Oracle Offers Custom Intel Chips and Unanticipated Costs
jfruh (300774) writes "For some time, Intel has been offering custom-tweaked chips to big customers. While most of the companies that have taken them up on this offer, like Facebook and eBay, put the chips into servers meant for internal use, Oracle will now be selling systems running on custom Xeons directly to end users. Those customers need to be careful about how they configure those systems, though: in the new Oracle 12c, the in-memory database option, which costs $23,000 per processor, is turned on by default."
This being slashdot, it would be nice to have the article on "gotcha" licensing accompanied by at least as much information what it actually is, and when it would be worth paying for. (And not just some snarky comments about how cheaper databases already have in-memory tables, unless that's really all it is!)
How does PostGreSQL compare?
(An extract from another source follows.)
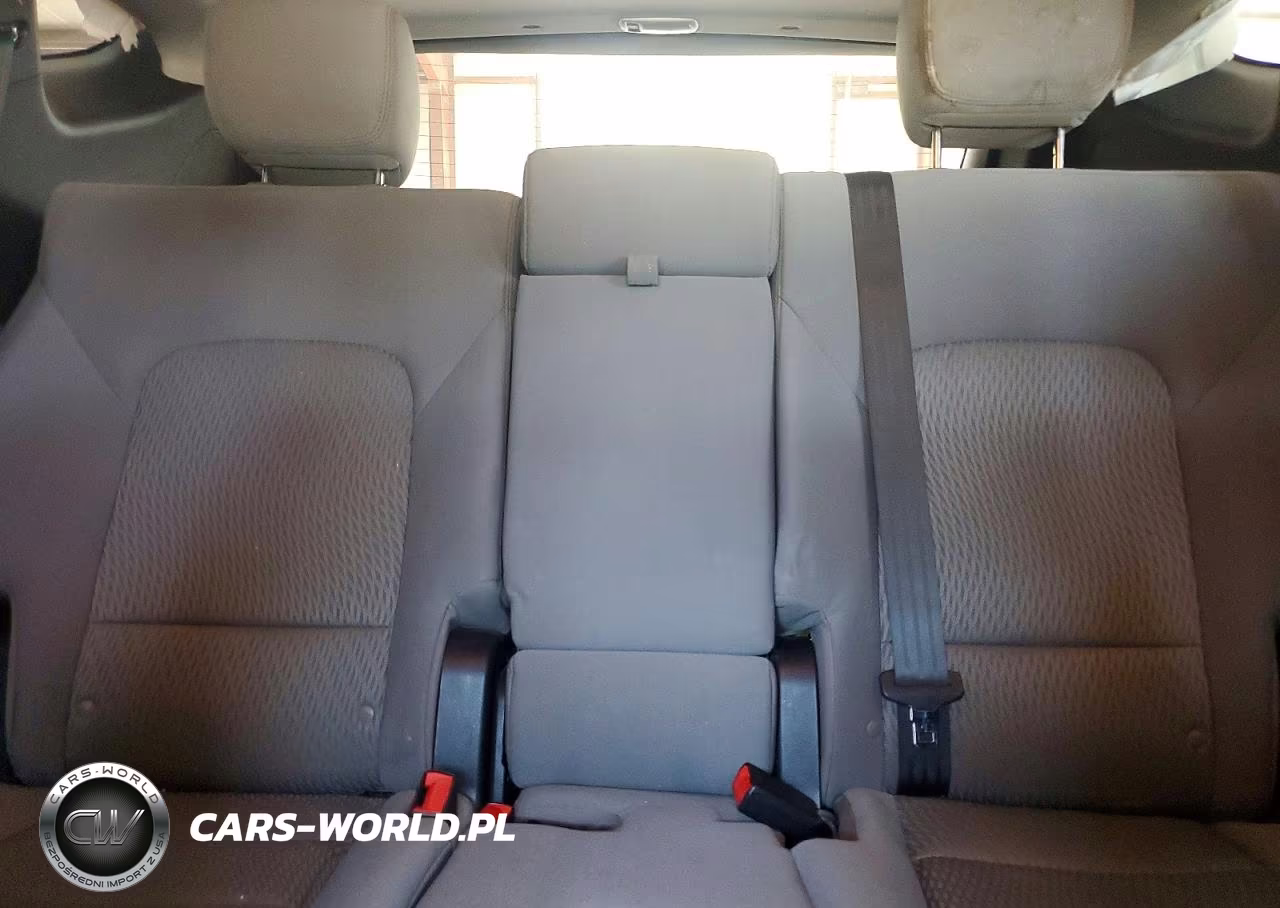 2018 Hyundai Santa Fe Sport 2.4L VIN:5NMZTDLB0JH071333 - 10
Pretty well. I used to be an Oracle DBA (between Oracle 6 and 10g) but now much prefer Postgres. At the very high end of things, Oracle may well perform better. But Postgres is much better to work with, has excellent support organisations (unlike Oracle who will charge you a fortune to mostly just waste your time), is very feature-rich, and is generally a pleasure to use. If you have such data and transaction volumes that Postgres simple won't cut it, you should probably question whether Relational is the right paradigm.
Give Postgres a try, it's pretty easy to get started. And if anyone tells you MySQL is faster, ignore them until they prove it using your application and realistic transaction volumes.
Frankly I wouldn't touch Oracle with someone else's 10 foot pole.
DB/2? What about PostgreSQL?
Because PostgreSQL doesn't support shared-storage, active-active clusters. PostgreSQL "clusters" use replication to provide a warm standby using separate storage.
So you need twice the (high-speed) disk storage for a PostgreSQL solution.
That's just the database. Now you need to add clustering/HA to that, with pgpool. And pgpool is a turd. Yeah, it's better than NO standby/cluster. But set up a test PostgreSQL/pgpool cluster and really start beating on it - pull some plugs, shut down hardware, "kill -9" some database and/or pgpool processes. And watch pgpool piss all over itself.
In short, if you want a true clustered database solution, it's Oracle or DB2.